**What you should do:** Leaving out each picture, transcribe the lines of the listing below exactly from the first through the line that contains "produkce aut podle zemí".

**Dataset content:**

*-*-*

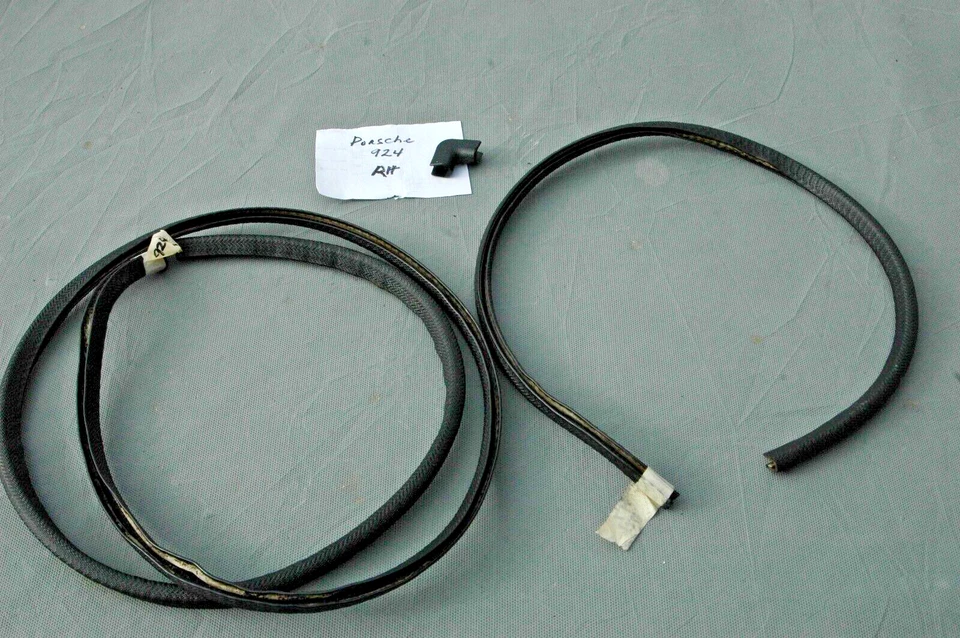 1977-1988 Porsche 924 944 Door Opening Weather Strips Welt RH OEM - Image 2 of 2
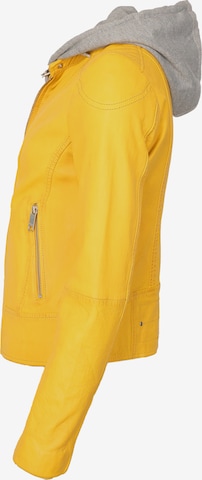 Maze Between-Season Jacket ' Mico ' in Yellow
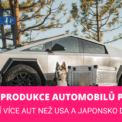 produkce aut podle zemí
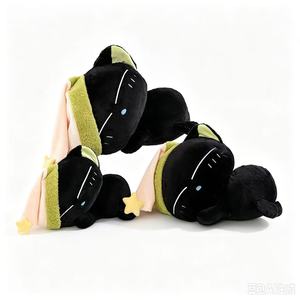 Peluche a Forma di Gattino <span class=keywords><strong>Super</strong></span> Morbido, Orsacchiotto con Aspetto Adorabile e Cuciture Raffinate, Ideale come Regalo per Bambini o Gadget per Feste - Product Image 5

*-*-*

**Output for this task:**
 1977-1988 Porsche 924 944 Door Opening Weather Strips Welt RH OEM - Image 2 of 2
 Maze Between-Season Jacket ' Mico ' in Yellow
 produkce aut podle zemí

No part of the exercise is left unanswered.